The fault running for more than 600 miles off the coast of Washington, Oregon, Northern California and Vancouver Island, Canada is more complex than first thought, according to new research from the University of Oregon.
“Our study doesn’t address the when question, but does address where it might start occurring,” said Doug Toomey, professor of Earth Sciences. "And it’s most likely to occur where the fault is more strongly locked.”
Toomey, Ph.D. student Miles Bodmer, and a University of Oregon team set out seismometers, many of them on the continental shelf underwater, to try and image what the Cascadia Subduction Zone looks like deep inside the earth. The fault begins at the edge of the continental shelf.
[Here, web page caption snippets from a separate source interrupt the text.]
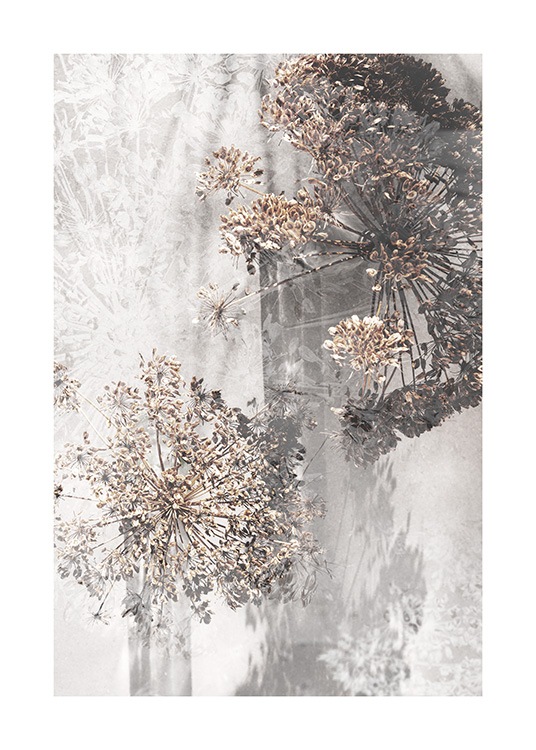 Dried Giant Hogweed No1 Affiche / Photographie chez Desenio AB (12663)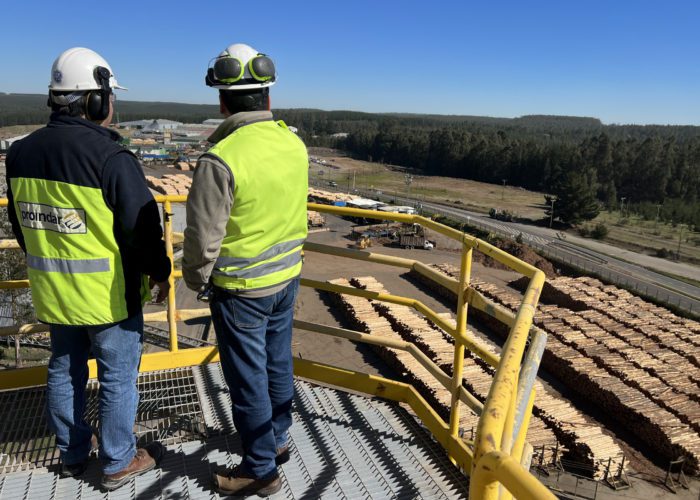 ​Proindar diseña nuevos servicios de grating para el sector forestal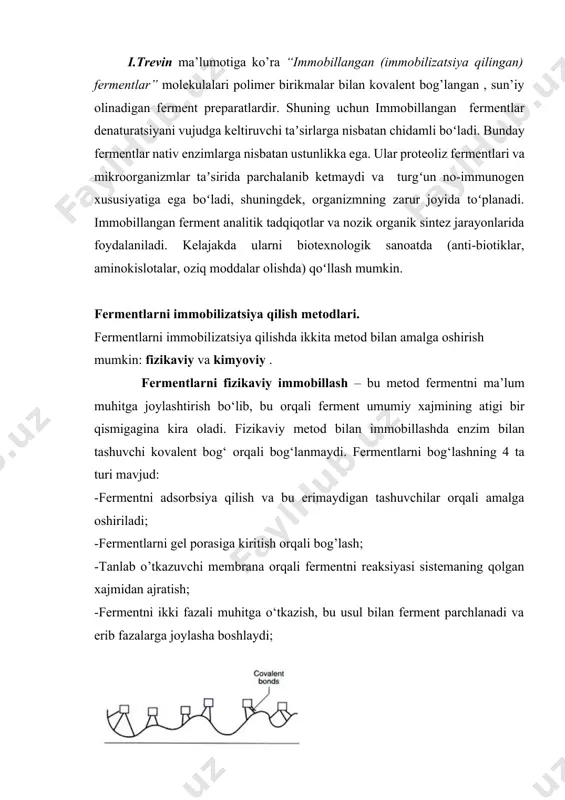 mmunogen xususiyatiga ega boʻladi, shuningdek, organizmning zarur joyida toʻplanadi. immobillangan ferment analitik tadqiqotlar va nozik organik sintez jarayonlarida foydalaniladi. kelajakda ularni biotexnologik sanoatda (anti-biotiklar, aminokislotalar, oziq moddalar olishda) qoʻllash mumkin. fermentlarni immobilizatsiya qilish metodlari. fermentlarni immobilizatsiya qilishda ikkita metod bilan amalga oshirish mumkin: fizikaviy va kimyoviy . fermentlarni fizikaviy immobillash – bu metod fermentni ma’lum muhitga joylashtirish bo‘lib, bu orqali ferment umumiy xajmining atigi bir qismigagina kira oladi. fizikaviy metod bilan immobillashda enzim bilan tashuvchi kovalent bog‘ orqali bog‘lanmaydi. fermentlarni bog‘lashning 4 ta turi mavjud: -fermentni adsorbsiya qilish va bu erimaydigan tashuvchilar orqali amalga oshiriladi; -fermentlarni gel porasiga kiritish orqali bog’lash; -tanlab o’tkazuvchi membrana orqali fermentni reaksiyasi sistemaning qolgan xajmidan ajratish; -fermentni ikki fazali muhitga o‘tkazish, bu usul bilan ferment parchlanadi va erib fazalarga joylasha boshlaydi; 7-rasm. fermentlarni kovalent immobillash fermentlarni adsorbsion immobilizatsiya qilish immobillashning eng qadimgi metodi bo‘lib, 1916 yili unga asos solingan. ushbu metod oson va qulay bo’lib …
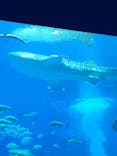 沖縄美ら海水族館に投稿された画像（2026/1/10）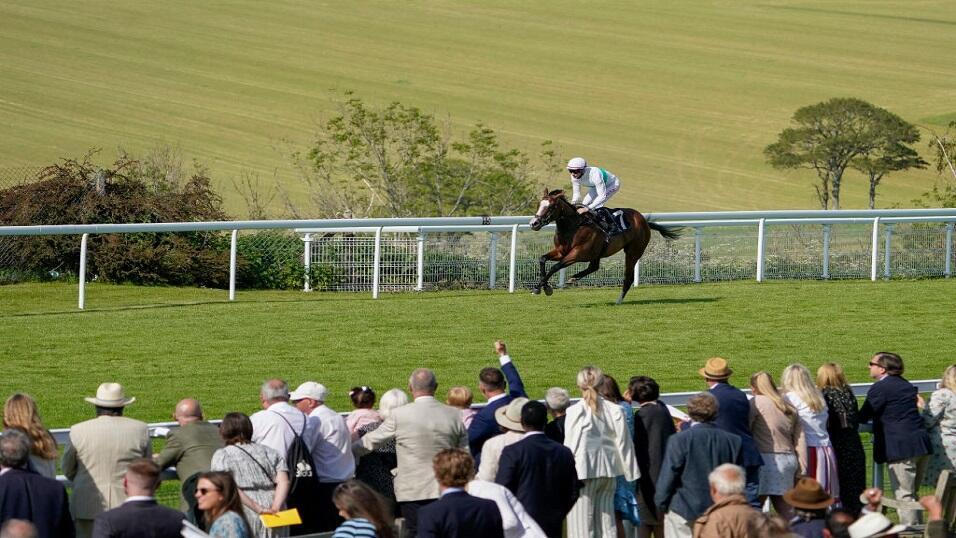 Horse racing at Goodwood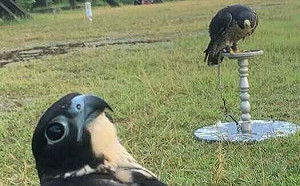 濟州航空「鳥擊」空難!專家揭:機場驅鳥5大問題難解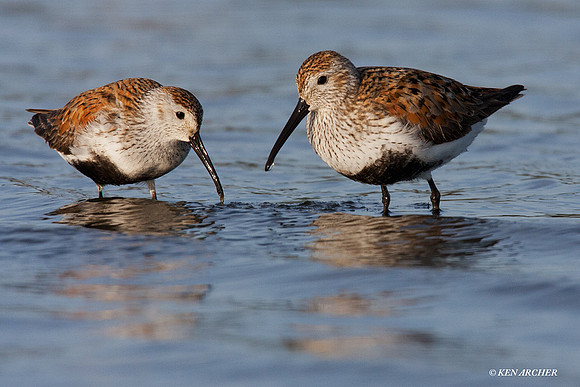 DN00214 Dunlin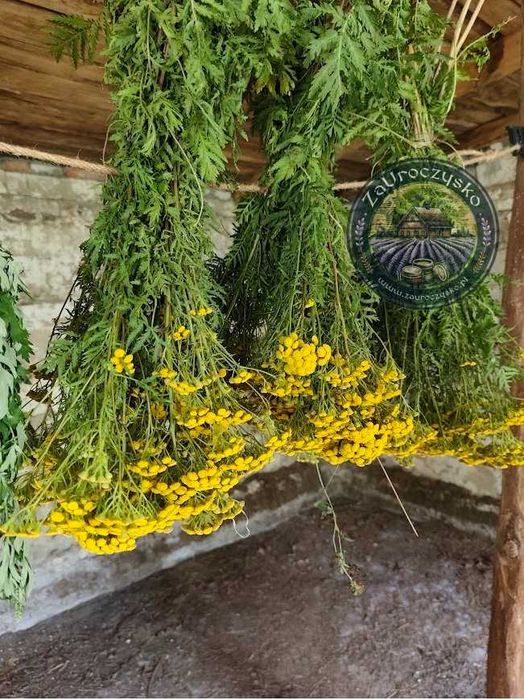 Mazidło wrotyczowe 60 ml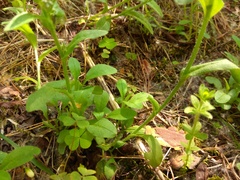 Myosotis krylovii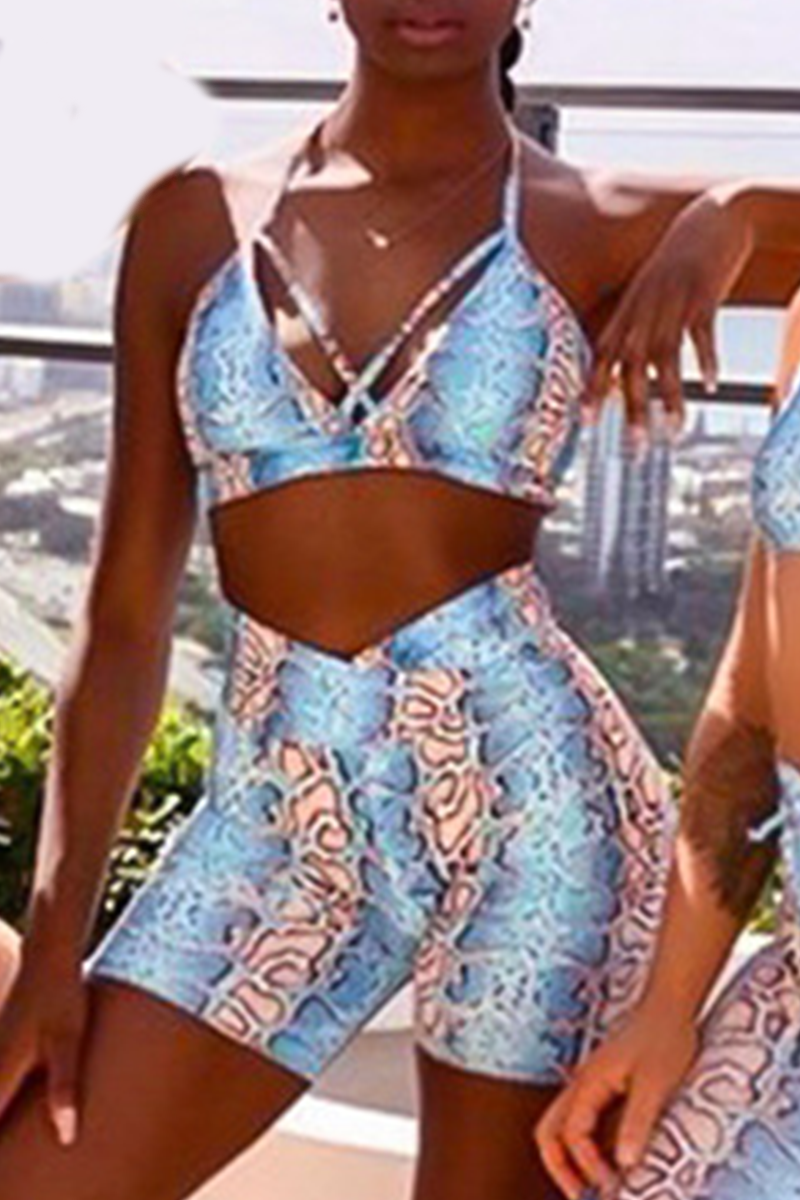 Sexy Print Split Joint Sleeveless Two Pieces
The Cascadia fault is what is known as a subduction zone. Subduction exists around the Pacific Rim and other parts of the globe. It happens because the ocean floor is made up of crustal plates, ocean plates that are forced underneath the continental plates. Often, like in the Pacific Northwest, those plates are locked together. When enough pressure builds up, the plates suddenly slip past each other creating the earthquake and usually a large tsunami.
Scientists expect the next quake on the Cascadia Subduction Zone to reach a magnitude 9.0 or more and could last more than five minutes.
It’s the pattern of this locking that is at the core of the University of Oregon research. It’s not the same everywhere, it’s in three distinct segments.
“It’s important for your viewers to realize that this is not news that says it’s worse than we thought it was, but it’s simply to understand how it’s split up into three segments and why some segments are more locked than others,” said Toomey.
That may indicate where the rupture might be more likely to begin, at the northern end along Washington’s coast, or the southern end between Cape Mendocino, California where the fault begins and off southwestern Oregon, areas where the research has found more locking between the plates.
One question raised by the research -- would the entire length of the fault unzip in one giant earthquake, or would different segments rupture independently, years apart…a theory called a “decade of terror?”
“We don’t know if it goes in one, two or three segments,” said Toomey. “And what our research shows is why there are three segments there. And whether it’s a decade of terror or one segment that goes, we don’t know the answer to that yet.”
Toomey advocates for a permanent network of seismometers on the continental shelf to watch under the ocean, as seismometers and GPS stations do on land, the movement of the various plates.
He said a more complete picture of plate movement could give scientists a much better idea of just when a quake becomes more likely, and contribute to the new ShakeAlert earthquake early warning system; which could provide minutes of notification to inland areas when a quake starts and how quickly the shaking will arrive.